■ Information
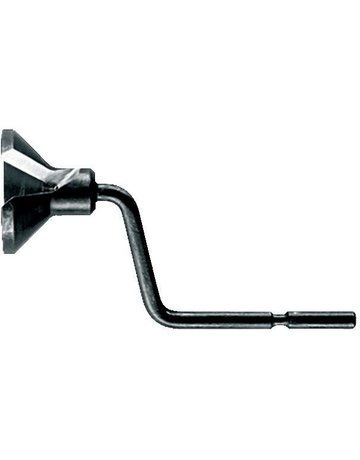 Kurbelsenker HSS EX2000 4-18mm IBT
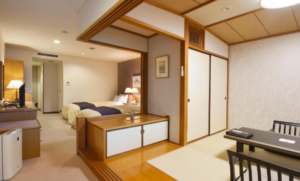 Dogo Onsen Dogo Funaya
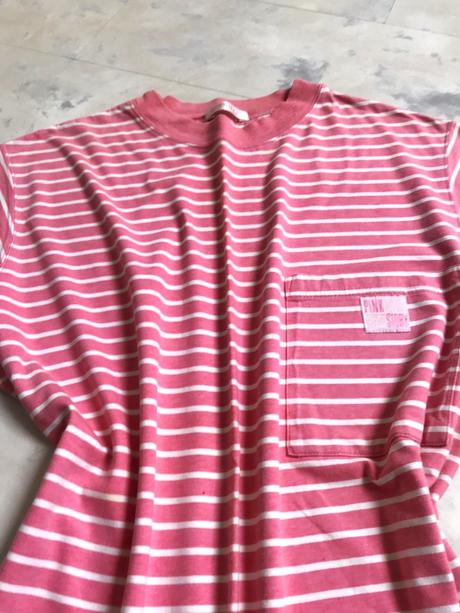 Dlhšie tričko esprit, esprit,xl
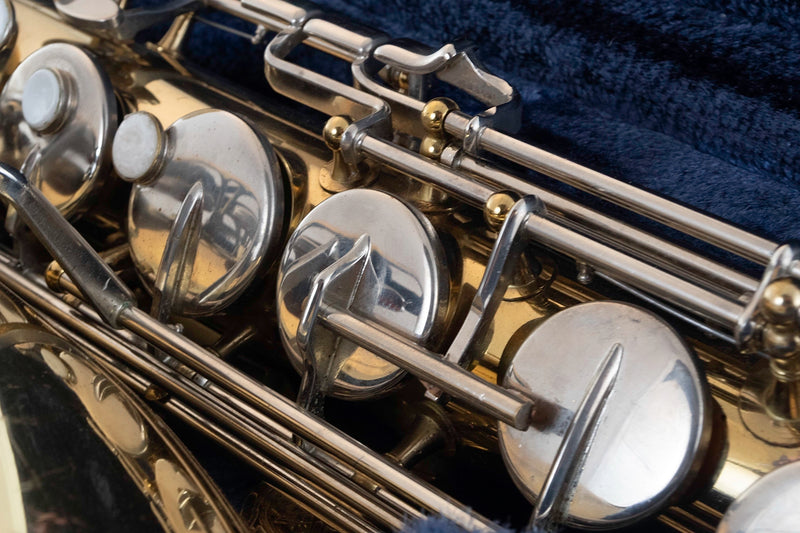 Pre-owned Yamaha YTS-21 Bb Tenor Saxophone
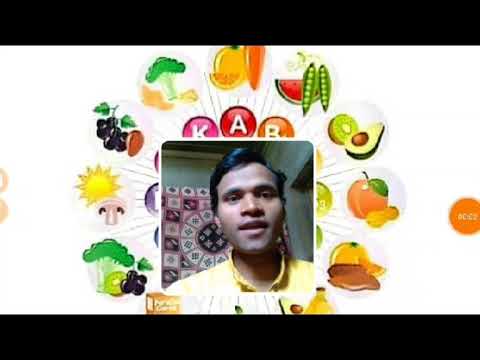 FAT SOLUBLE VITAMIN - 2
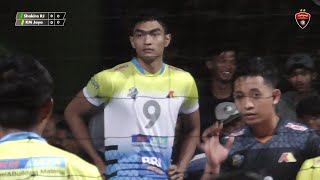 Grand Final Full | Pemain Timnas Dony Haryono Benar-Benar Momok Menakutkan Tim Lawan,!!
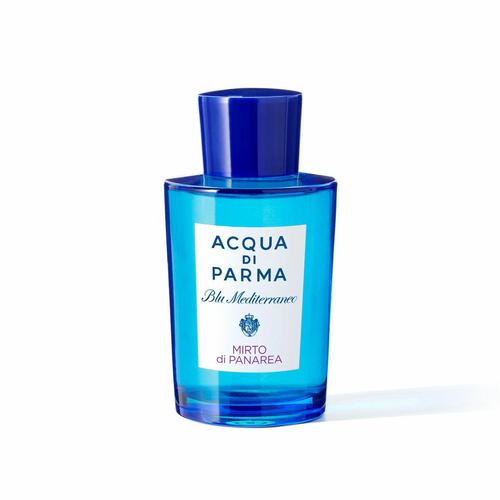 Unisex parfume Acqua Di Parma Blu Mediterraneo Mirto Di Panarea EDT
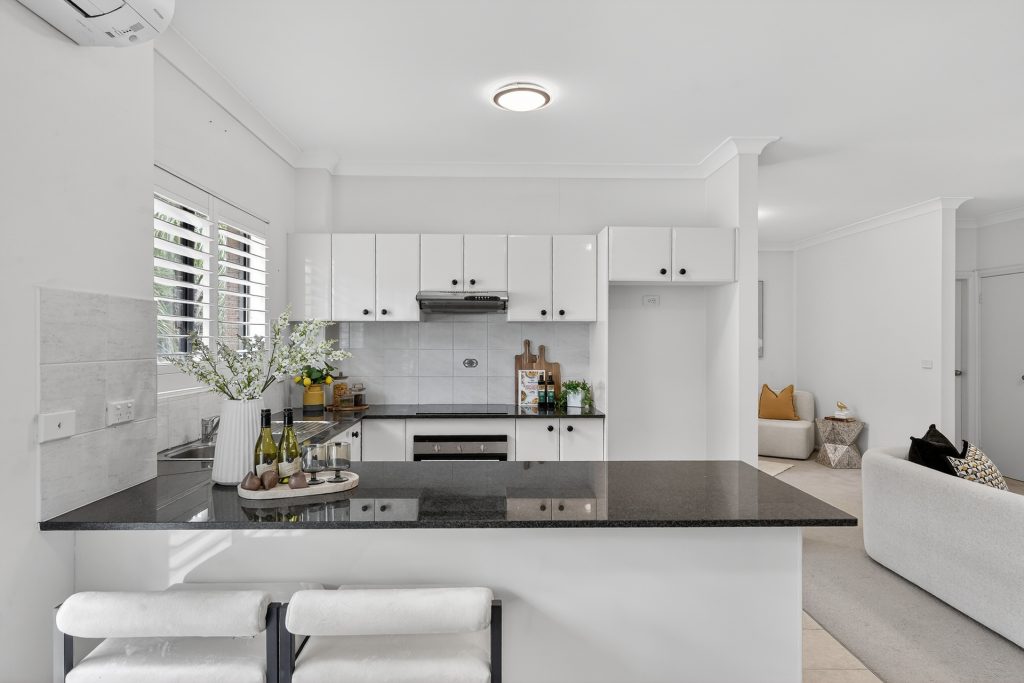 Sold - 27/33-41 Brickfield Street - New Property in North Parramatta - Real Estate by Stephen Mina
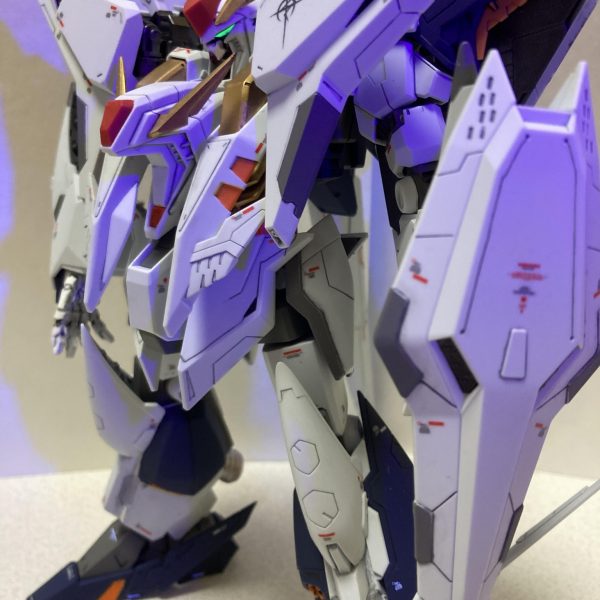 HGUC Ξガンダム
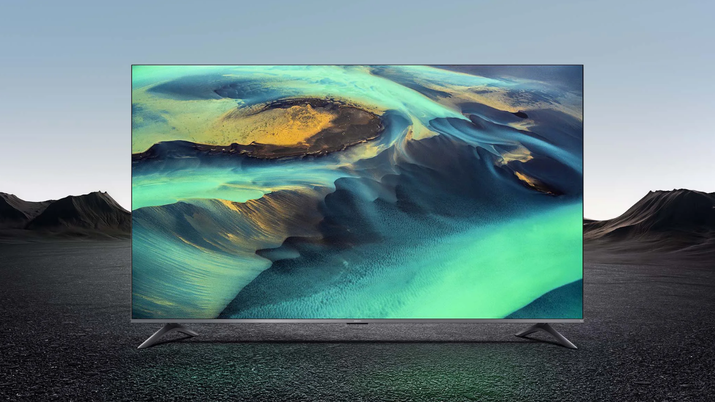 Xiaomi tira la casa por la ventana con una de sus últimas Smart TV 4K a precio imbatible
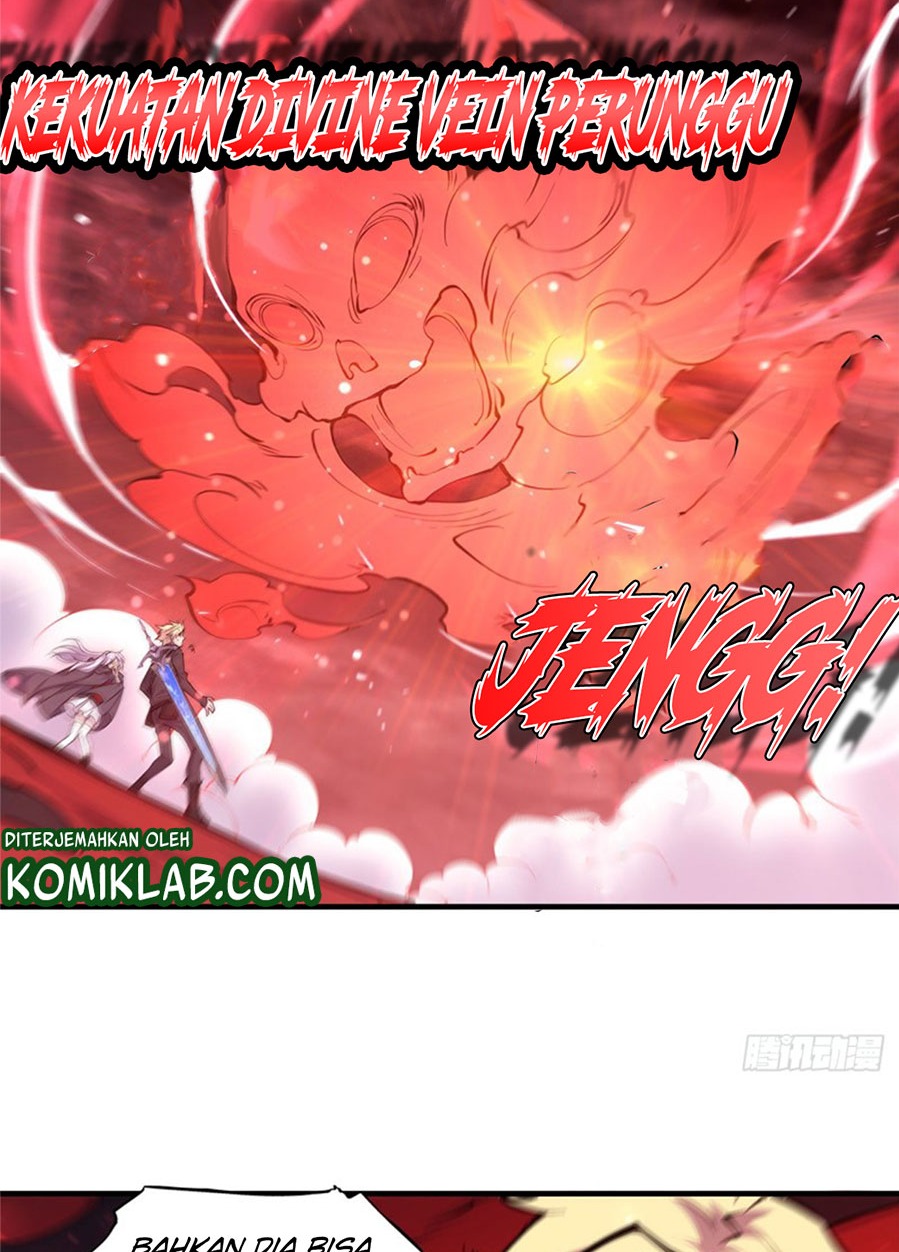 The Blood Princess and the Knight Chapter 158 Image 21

---

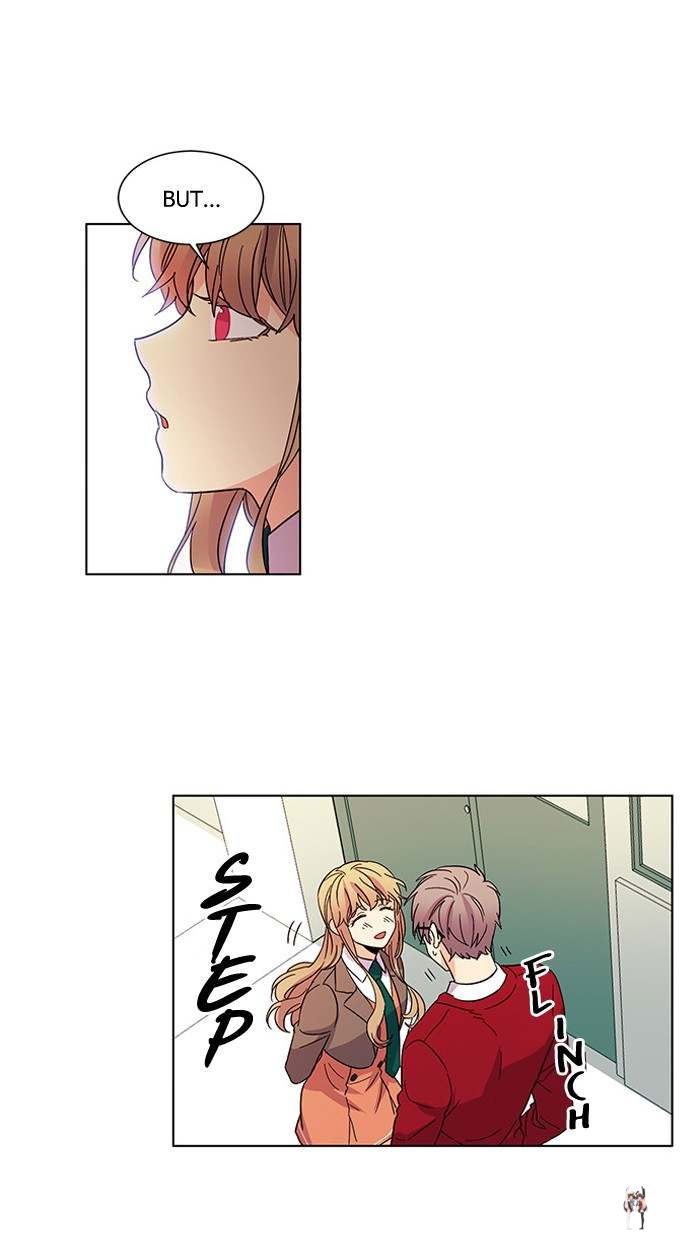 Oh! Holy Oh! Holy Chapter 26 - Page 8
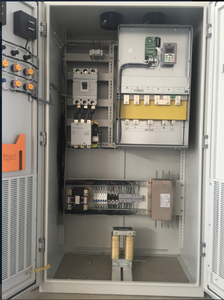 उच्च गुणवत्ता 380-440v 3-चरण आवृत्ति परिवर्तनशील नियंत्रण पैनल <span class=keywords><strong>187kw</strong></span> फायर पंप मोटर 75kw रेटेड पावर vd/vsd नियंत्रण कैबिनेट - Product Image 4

■ Your task
Once the line with "Kurbelsenker HSS EX2000 4-18mm IBT" has been found above, output that line and every later line exactly, stopping after the line with "Grand Final Full", and omit the pictures.

■ Output for this task
 Kurbelsenker HSS EX2000 4-18mm IBT
 Dogo Onsen Dogo Funaya
 Dlhšie tričko esprit, esprit,xl
 Pre-owned Yamaha YTS-21 Bb Tenor Saxophone
 FAT SOLUBLE VITAMIN - 2
 Grand Final Full | Pemain Timnas Dony Haryono Benar-Benar Momok Menakutkan Tim Lawan,!!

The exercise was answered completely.